Lignes est une collection dirigée par Michel Surya
"En littérature, la limite est celle de la langue donnée, de sa communication "médiatique", où la dépense apporte la déceptivité destructrice: de la signification ou de la figuration reconnue, de la narration repérable, de la temporalité plus ou moins linéaire. Mais, déceptivité créatrice, excès à la limite, répétons-le, cette dépense ne se fait que la mise en jeu des sens ou des figures ( chez Kafka pour K, l'attente déshumanisante que ne comble aucune métamorphose animale, les condensations multilingues de Joyce où se perd la langue naturelle dans l'éveil chaotique), dans les circonvolutions ou les cassures de la narration ( les façonnements transfigurant de la mémoire chez Proust, les pertes du temps existentiel, de sa qualité, dans le [non-] temps historique chez Musil...), dans les rythmes de la phrase ( les rejets syntaxiques mallarméens jusqu'à l'éclatement calculé de la page et de l'écrit dans le heurt du hasard, les murmures acharnés de l'innommable dernier beau jour de Beckett, les halètements dévoilant/dé-voilant la guerre de Guyotat...) . On comprend que la ressource de ces dépenses mobilise toujours le faire des langues: le poétique. Si la pratique de la littérature apparait, de façon aussi active que fictionnelle, poétique dans la mise à l'épreuve du fictif, c'est parce que dans la poésie, dans l'excès à la limite de son écriture, la langue devient...Quoi? des langues de corps humains, du rien de leur égaliberté qui s'en élangue.

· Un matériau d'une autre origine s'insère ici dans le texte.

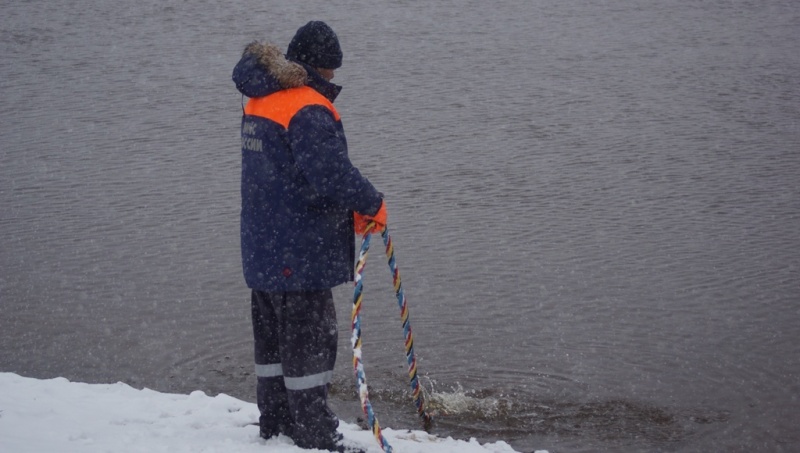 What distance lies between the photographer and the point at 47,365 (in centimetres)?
695

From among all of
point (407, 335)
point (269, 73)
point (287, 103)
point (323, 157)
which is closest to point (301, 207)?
point (323, 157)

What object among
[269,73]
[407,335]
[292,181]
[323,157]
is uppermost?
[269,73]

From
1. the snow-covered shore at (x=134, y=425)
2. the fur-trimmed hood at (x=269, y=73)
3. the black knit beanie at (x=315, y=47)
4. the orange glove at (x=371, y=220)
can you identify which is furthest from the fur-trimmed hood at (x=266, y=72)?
the snow-covered shore at (x=134, y=425)

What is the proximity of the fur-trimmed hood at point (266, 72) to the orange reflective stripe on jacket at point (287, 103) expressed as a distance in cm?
3

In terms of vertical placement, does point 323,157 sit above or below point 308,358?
above

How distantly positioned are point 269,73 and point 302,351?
3.94 ft

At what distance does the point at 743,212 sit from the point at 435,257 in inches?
134

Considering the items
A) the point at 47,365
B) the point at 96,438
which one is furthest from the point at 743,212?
the point at 96,438

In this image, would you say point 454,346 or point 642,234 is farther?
point 642,234

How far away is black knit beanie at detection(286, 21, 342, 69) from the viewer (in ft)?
14.4

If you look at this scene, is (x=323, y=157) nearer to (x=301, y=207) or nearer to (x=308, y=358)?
(x=301, y=207)

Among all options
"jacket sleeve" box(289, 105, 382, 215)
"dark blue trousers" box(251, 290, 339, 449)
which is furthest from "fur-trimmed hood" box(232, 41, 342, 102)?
"dark blue trousers" box(251, 290, 339, 449)

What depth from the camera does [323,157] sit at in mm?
4121

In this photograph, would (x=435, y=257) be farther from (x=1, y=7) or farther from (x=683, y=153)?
(x=1, y=7) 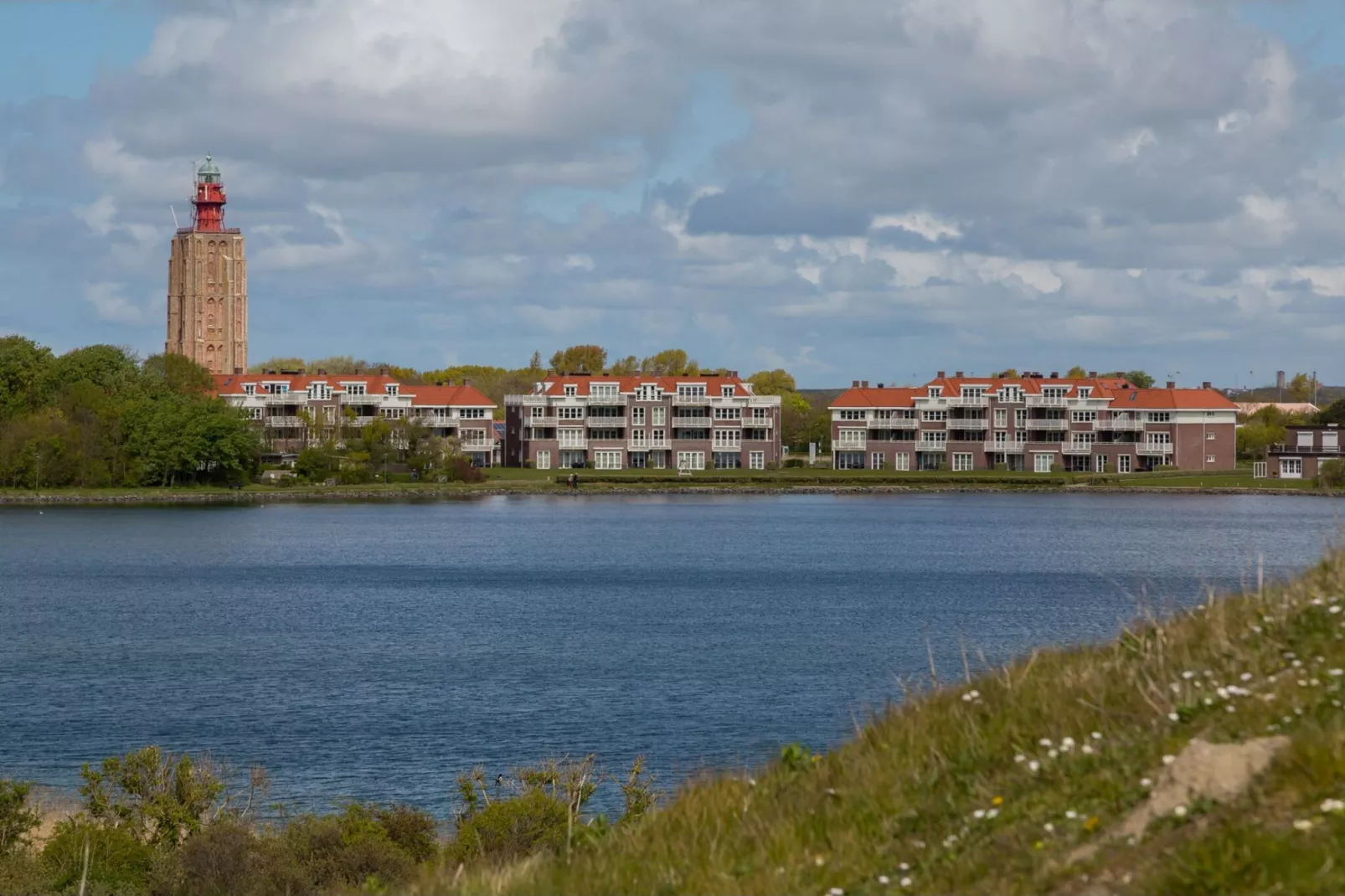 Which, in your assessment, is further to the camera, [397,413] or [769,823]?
[397,413]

Car, de cette façon, les langues s'incorporent, rendent réelles des potentialités du corps parlant en déçà de ses marques parce que plastiquant la jouissance, contrant la mort, cherchant le recommencement perpétuel, différant sans savoir (de) quoi...Il ne s'agit plus d'une fonction, mais d'une mise en jeu de puissances latentes de tout langage dans l'impuissance de ses limites porteuses de corps déterminé, miné et terminé, il s'agit d'une dépense des restrictions économiques de la communication où se tapit tout pouvoir...Trouée d'égales libérations intensives pour chacun qui saute hors de ses usages naturels et cultivés, déjà dans le geste " ouvrier" d'arrêt du travail ou dans la sensualité arrachée à la socialité des corps ou dans l'ivresse en dépit du bon sens sanitaire ou dans l'imprévisible invention en marge des programmations ou dans la méditation et l'action silencieuses d'une rage de ne pas s'avouer vaincu..."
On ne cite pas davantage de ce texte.